→ Assignment
Transcribe word for word each line from the one containing "11月定休日のお知らせ（11/1 – 11/2）" to the final line of the data, both included. Skip the pictures.

►

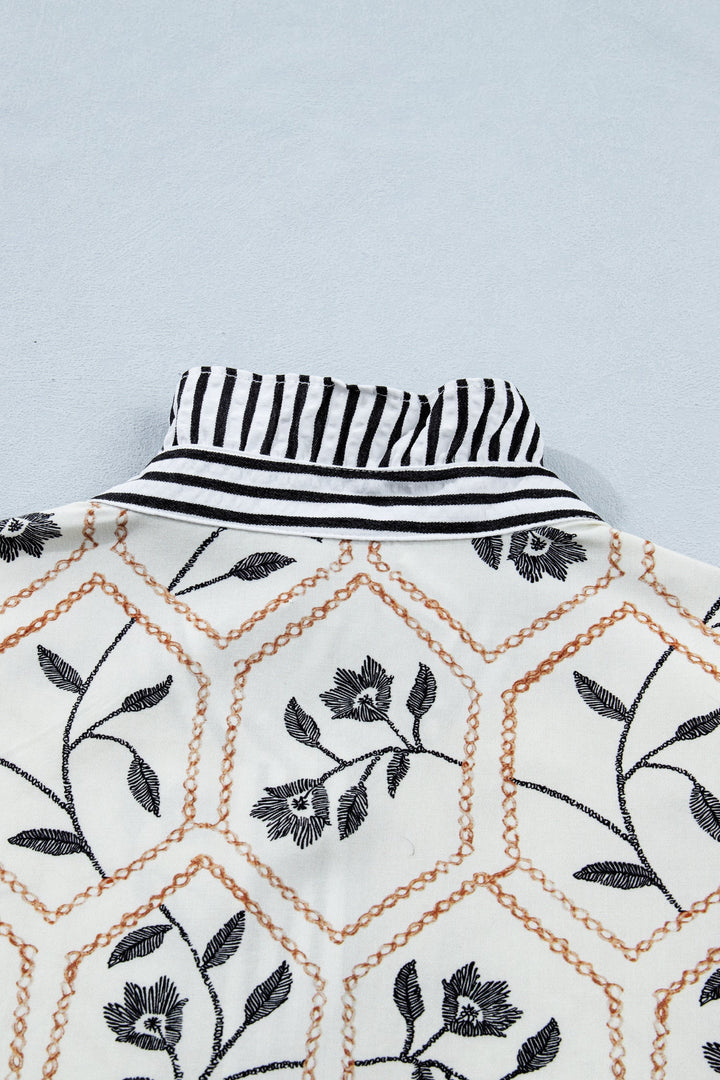 Hayden Patchwork Short Sleeve Blouse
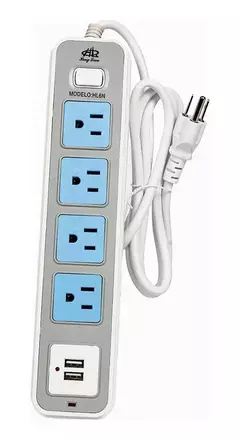 Barra Multicontacto Extensión Con 2 Puertos Usb 4 Enchufes - SAAVEDRA NOVEDADES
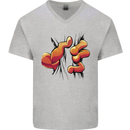 Frog Hand Scrunching Material Mens V-Neck Cotton T-Shirt Sports Grey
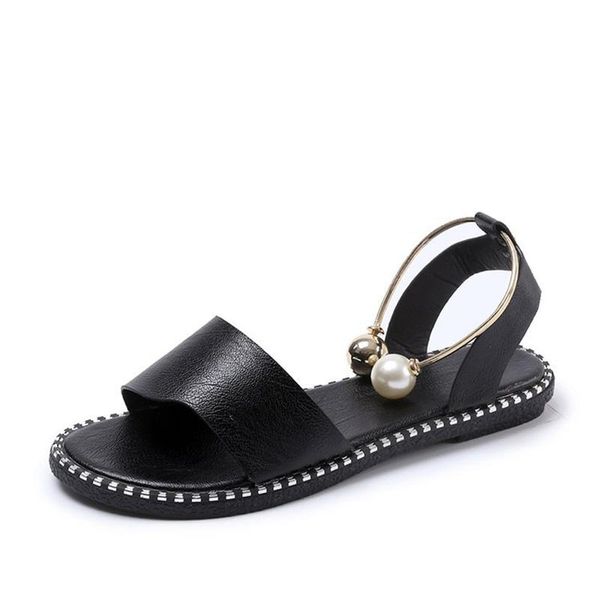 

sandals akexiya women flip flops summer fashion rome slip-on breathable non-slip shoes woman slides solid casual female, Black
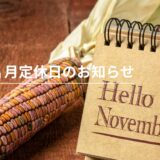 11月定休日のお知らせ（11/1 – 11/2）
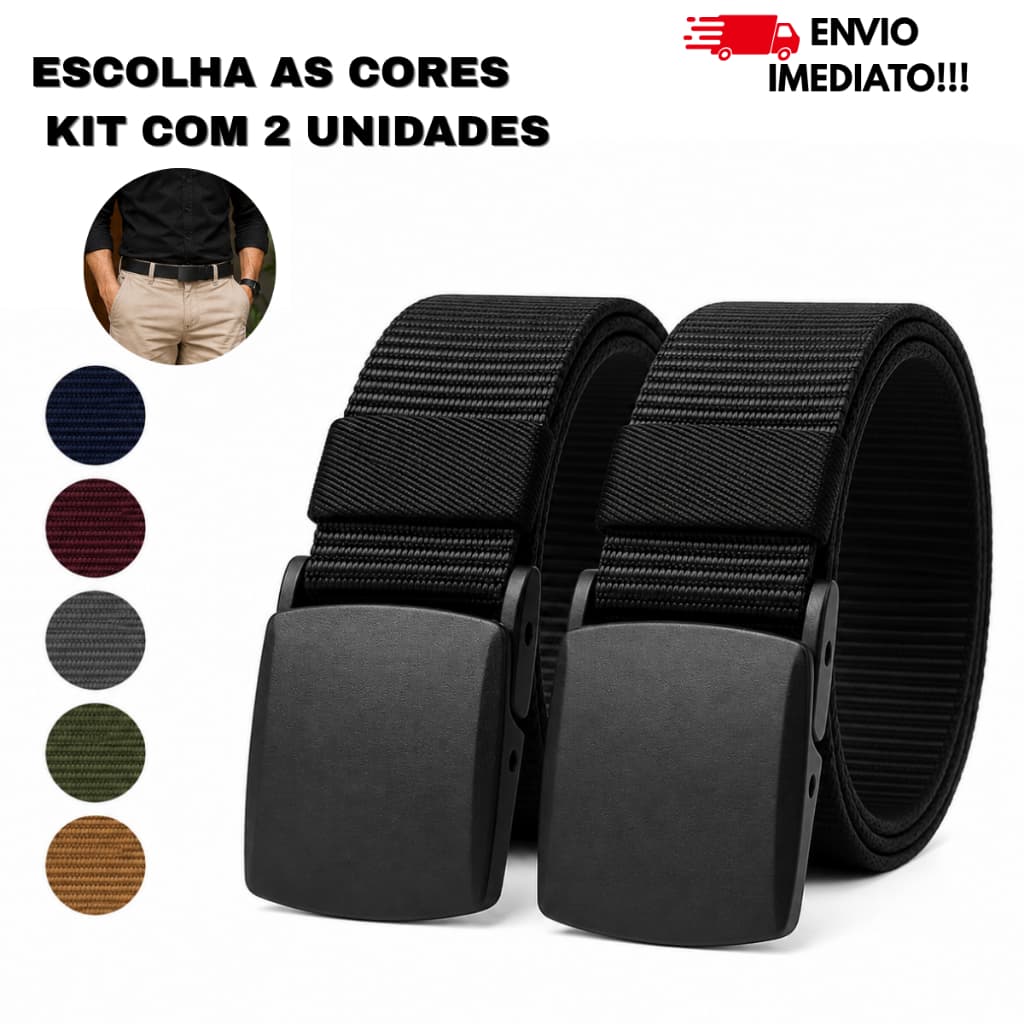 KIT 2 CINTOS MASCULINO TÁTICO NYLON DE TECIDO MILITAR FIVELA AJUSTÁVEL 120CM CINTO SOCIAL SEM FURO CATRACA FIVELA PRETA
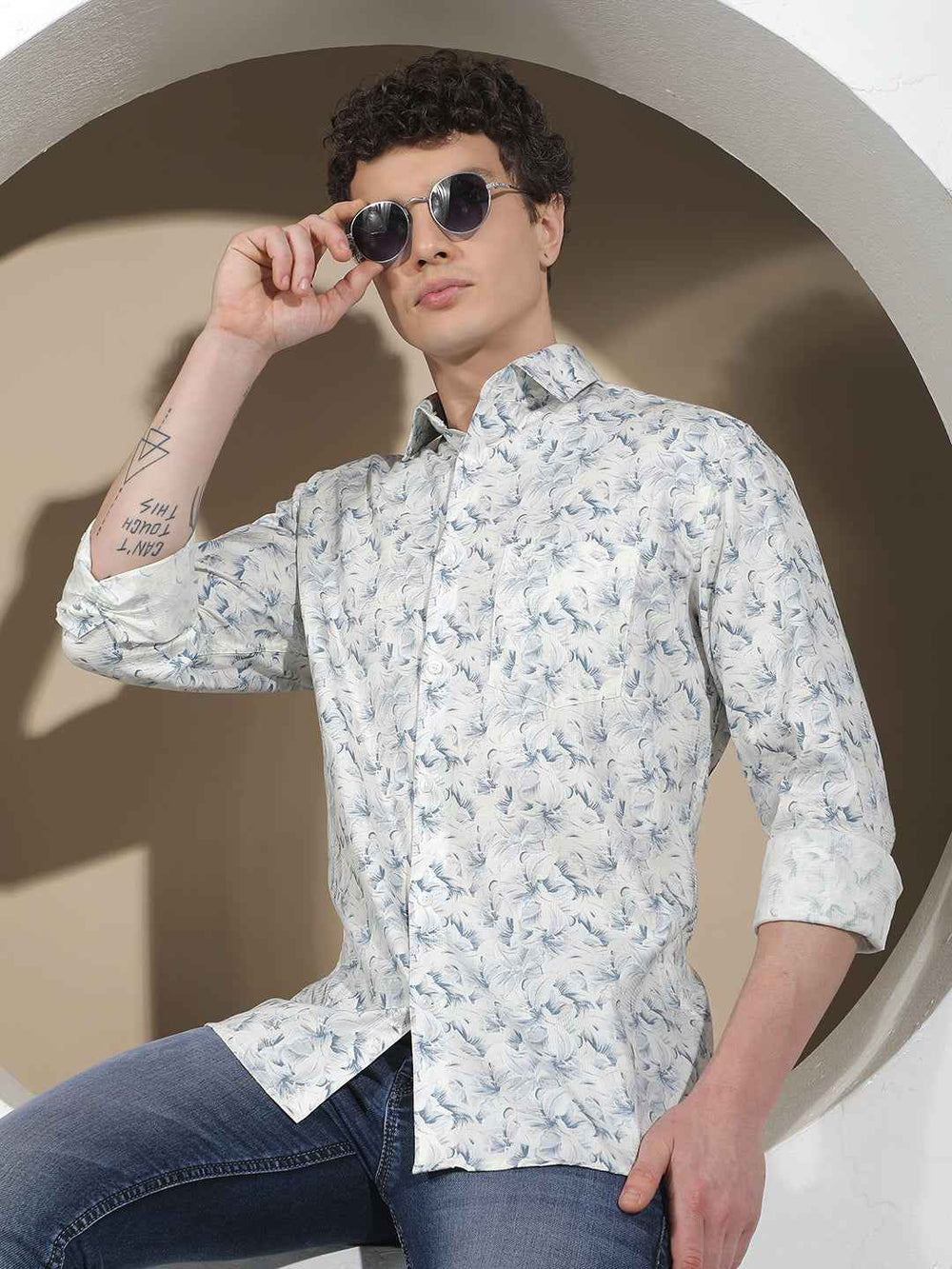 Blue Floral Print 100% Cotton Shirt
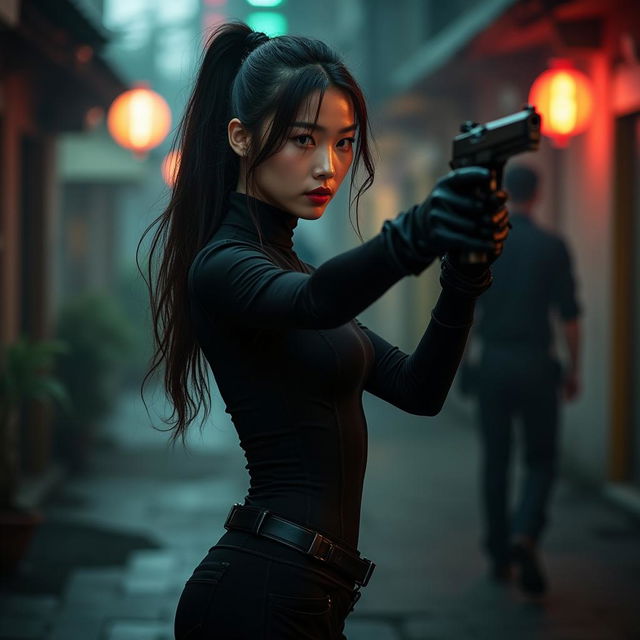 A seductive Chinese female secret agent in an action-packed scene, poised to kill an opponent with grace and precision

◄

→ Output below
 11月定休日のお知らせ（11/1 – 11/2）
 KIT 2 CINTOS MASCULINO TÁTICO NYLON DE TECIDO MILITAR FIVELA AJUSTÁVEL 120CM CINTO SOCIAL SEM FURO CATRACA FIVELA PRETA
 Blue Floral Print 100% Cotton Shirt
 A seductive Chinese female secret agent in an action-packed scene, poised to kill an opponent with grace and precision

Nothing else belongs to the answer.